Darjeeling: The Darjeeling tea growers have appealed to the Center to extend the moratorium on the repayment of loan to replant bushes from five to ten years.

According to the Special Purpose Tea Fund (SPTF) scheme launched by the Union commerce and industry ministry in 2007, growers who want to replant their gardens can get 50 per cent of the total cost as loan. The government gives 25 per cent of the cost as subsidy.

The scheme has provision for a moratorium of five years on the payment of the loans. The planters have to start repaying the loan from the sixth year onwards in eight equal installment annually.

The planters have said the scheme has very few takers in the hills as the bushes become viable only after 10 to 12 years of replanting.

“In the plains, tea bushes become economically viable within five years. However, in the Darjeeling hills, tea is produced only after 10-12 years of replanting.

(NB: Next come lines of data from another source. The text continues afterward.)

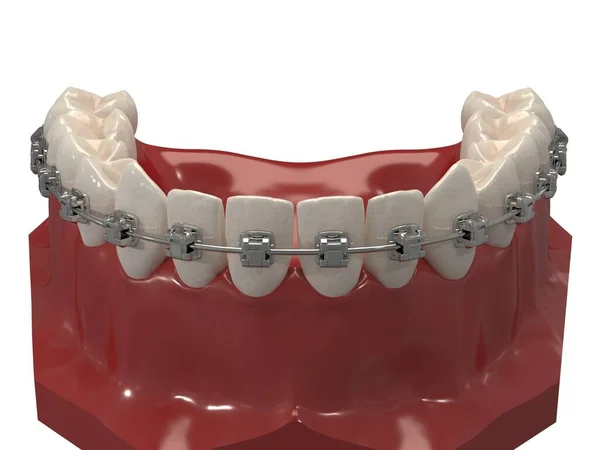 Ortodontik cihazlar, ortodontik tedavi sonrası muhafaza için kullanılır. 3d hazırlayıcı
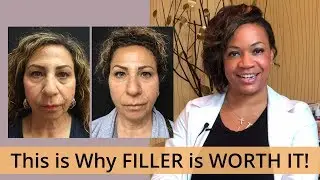 Is FILLER WORTH IT? [ Cosmetic Physician Injector Weighs In]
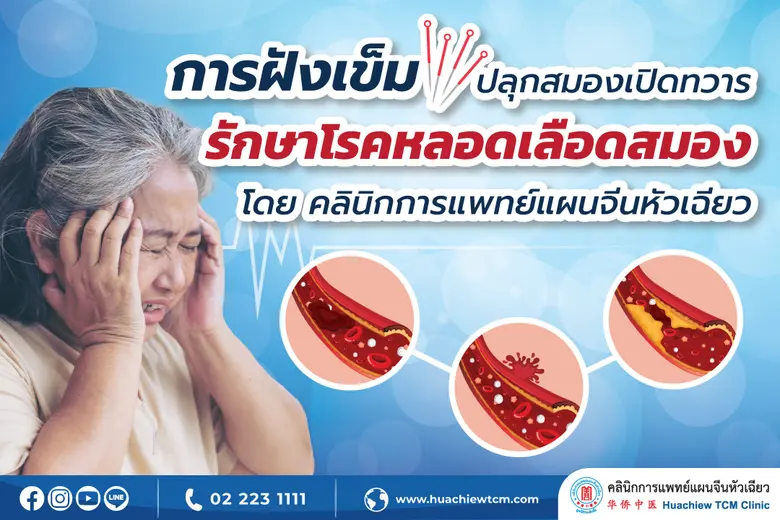 ศาสตร์การแพทย์แผนจีนเรียกโรคหลอดเลือดสมอง...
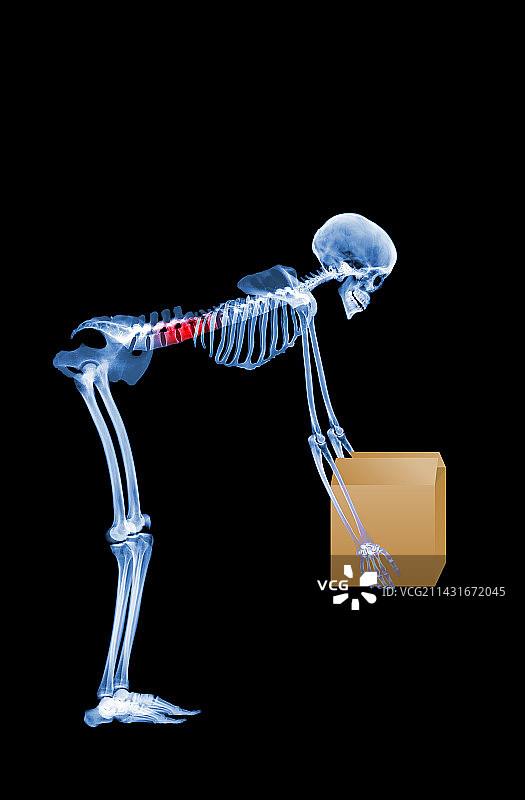 骨骼抬起一个不正确的盒子图片素材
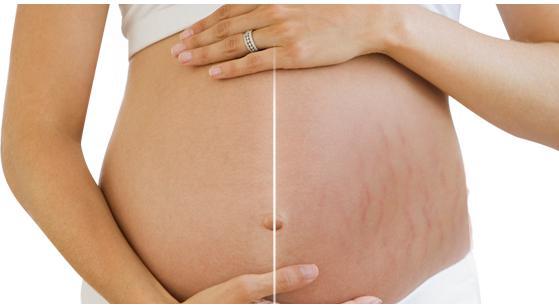 孕妇怎么防止妊娠纹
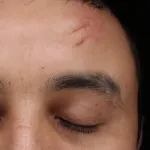 Trauma scar on forehead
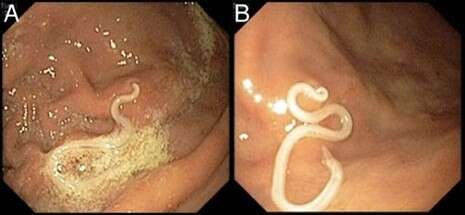 : BMJ CASE REPORTS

We want the government to announce a moratorium of at least eight to 10 years to make the scheme attractive for the hill gardens,” Sanjay Bansal, the former chairperson of the Darjeeling Tea Association, told The Telegraph.

The growers have also objected to the mandatory clause of uprooting all bushes that are over 50 years old.

“Unlike the plains where the yield starts to decline after the bush crosses 50 years, the yield of tea bushes in Darjeeling do not decline till it reaches the age of 75 years. This aspect should also be considered by the government,” said Bansal.

The hill planters also objected to the government’s cost estimate for uprooting and replanting bushes.

According the ministry, the total expenditure incurred by the planters in undertaking the exercise would stand at around Rs 3.27 lakh per hectare.

“The calculations are wrong for the Darjeeling industry. The expenditure (of uprooting and replanting) touches the Rs 8 lakh per hectare mark and the government should also revise this figure if it (the scheme) is to be made attractive,” Bansal said.

According to Bansal, the scheme had a target area of 9,000 hectares in Darjeeling.

“Only 12 per cent of the target has been availed by the industry according to the 2010 end figures,” he said.

The DTA had organised a program here today to hand over a cheque for Rs 20 lakh to the Gorkha Janmukti Morcha president Bimal Gurung for the relatives of the Bijanbari bridge collapse victims.

The association also handed over a cheque for Rs 10 lakh to the organizers of the Darjeeling Tea and Tourism Festival that will start on December 20.